(DATASET RECORDS begins)

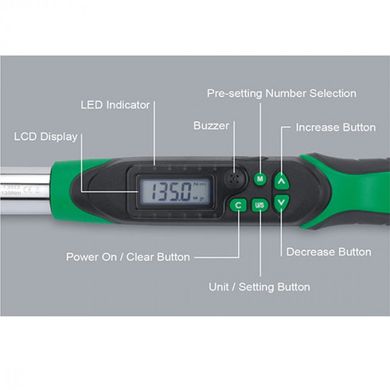 Ключ динамометричний 6,8-135Нм (цифровий)  3/8" двосторонньої дії TOPTUL DT-135I3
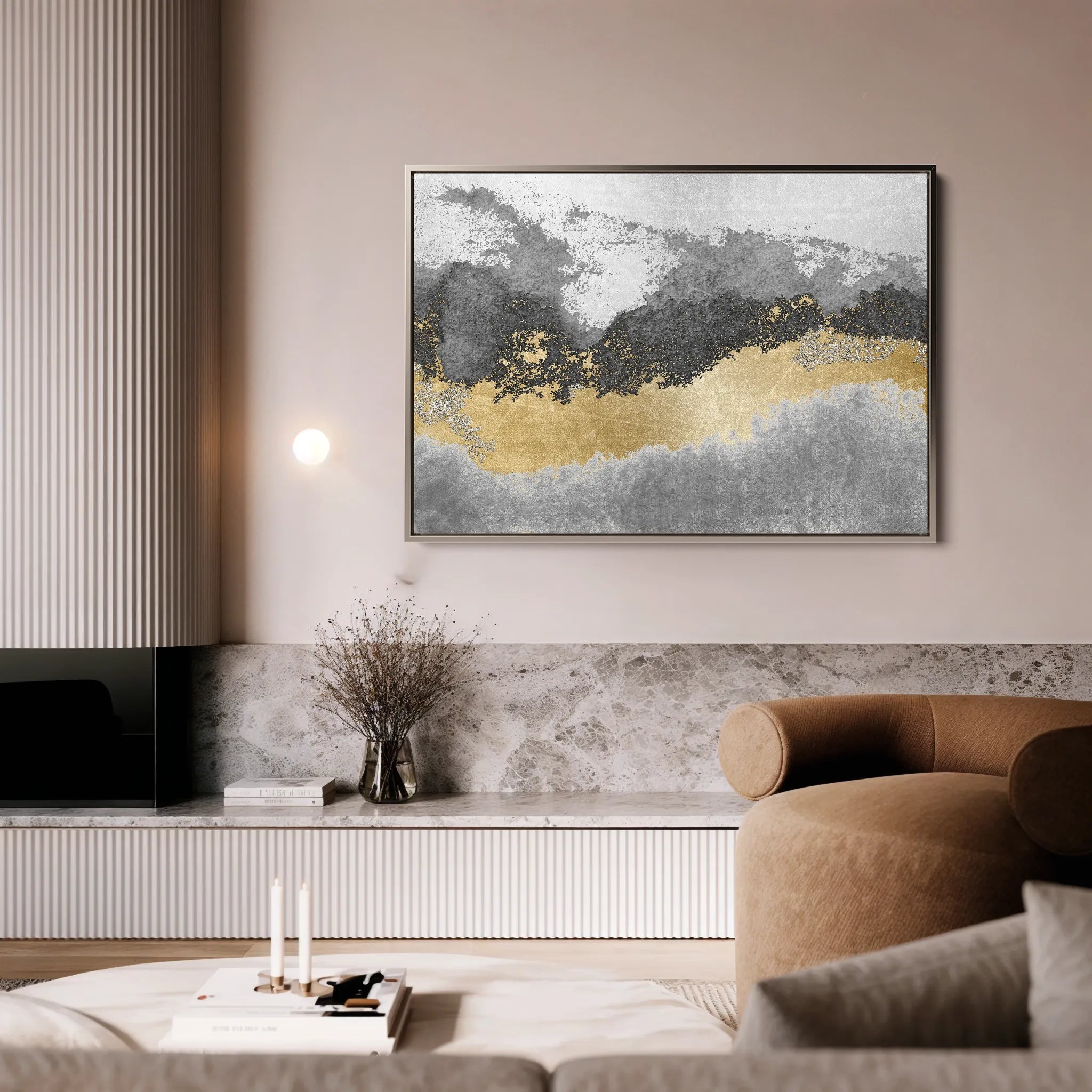 Abstract 070 Canvas Art 18" x 24" / 45 x 60 cm / Black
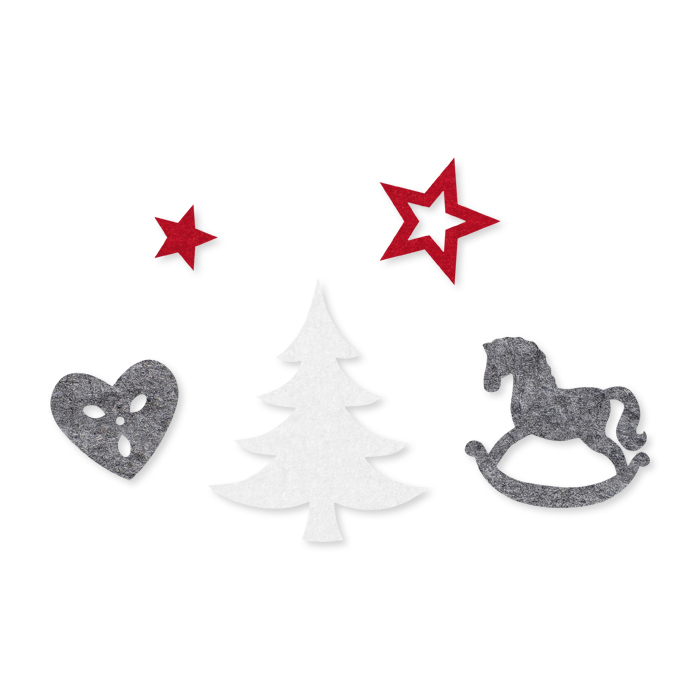 Filz-Sortiment "Weihnachten" 5 Formen und 3 Farben im Set 61963
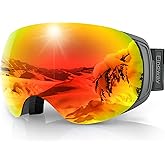 findway Ski Goggles OTG for Women Men Adult Youth-Over Glasses Snow Goggles-Interchangeable Lens,Anti Fog Snowboard Goggles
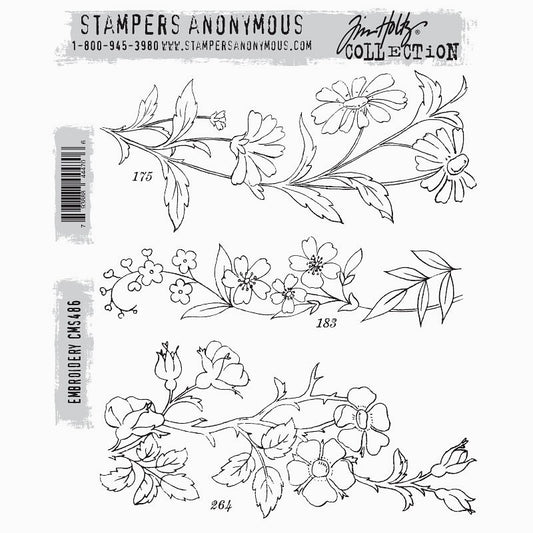 Embroidery ... by Tim Holtz and Stampers Anonymous (cms486). Delicate trio of flowers and foliage. Set includes 3 (three) designs for creating journal pages, scrapbooking, art, cards, tags, mixed media, sewing, visual arts and papercrafts.&nbsp;  This wonderful collection has three beautifully illustrated floral designs, each with flowers, buds, leaves, twigs, one with thorns. Each hand-drawn with fine lines and lovely detailed features. Ideal for stamping and colouring with inks, paints, pencil, threads.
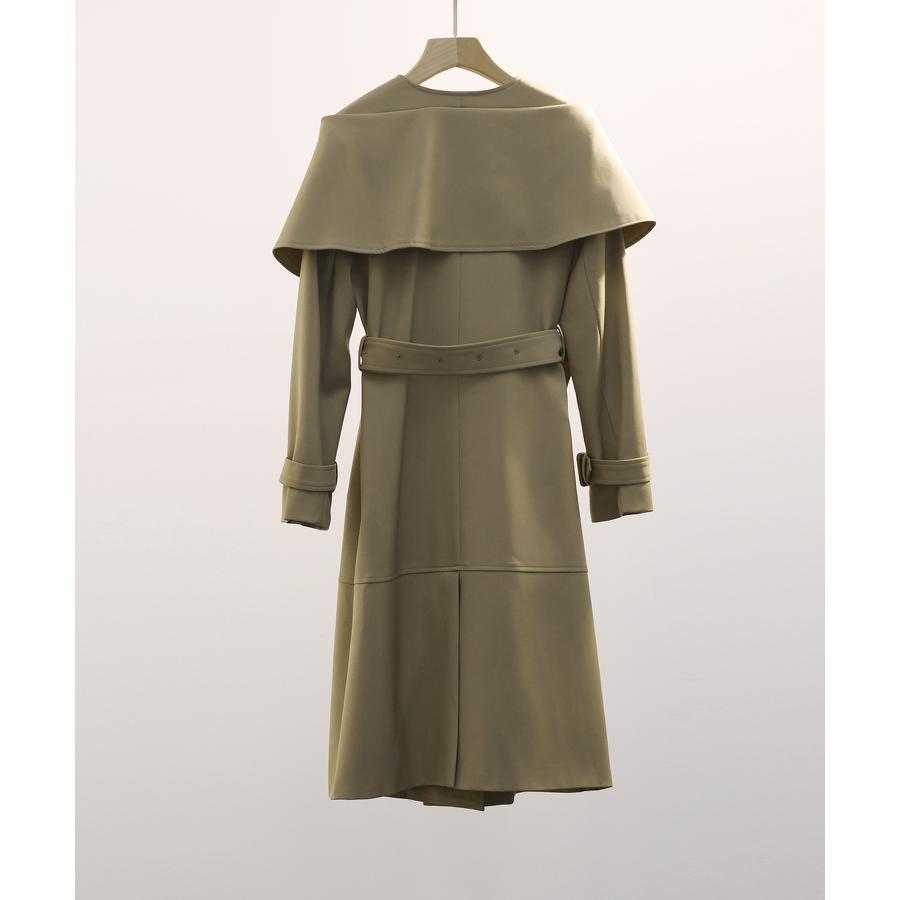コート レディース トレンチコート ケープデザイン スタイルアップ ミモレ丈 ロング丈 裏地付き ポケット付き ウエストマークベルト 取り外し可能ベル |  | 03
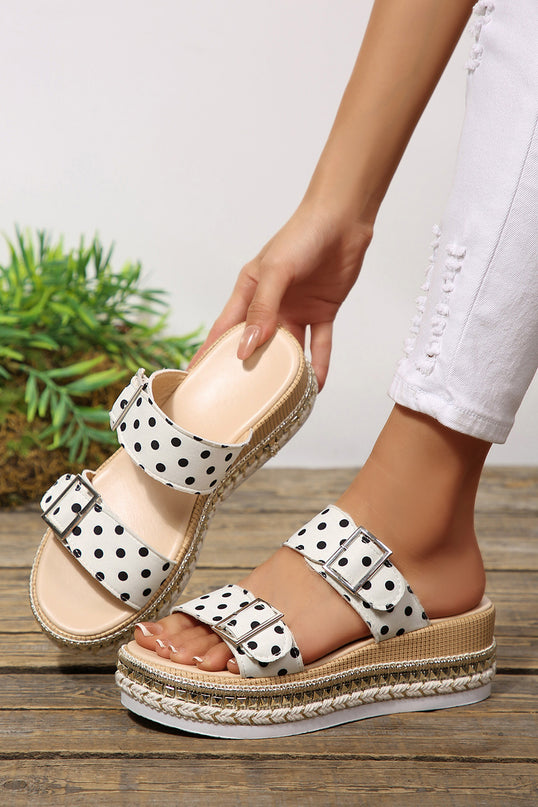 Black Polka Dot Double Buckle Platform Slippers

(DATASET RECORDS ends)

(TASK PROMPT): Starting at the line that contains "コート レディース トレンチコート", please write out every line to the end of the entries, inclusive, copied exactly and with pictures omitted.

(REPLY TO THE EXERCISE):
コート レディース トレンチコート ケープデザイン スタイルアップ ミモレ丈 ロング丈 裏地付き ポケット付き ウエストマークベルト 取り外し可能ベル |  | 03
 Black Polka Dot Double Buckle Platform Slippers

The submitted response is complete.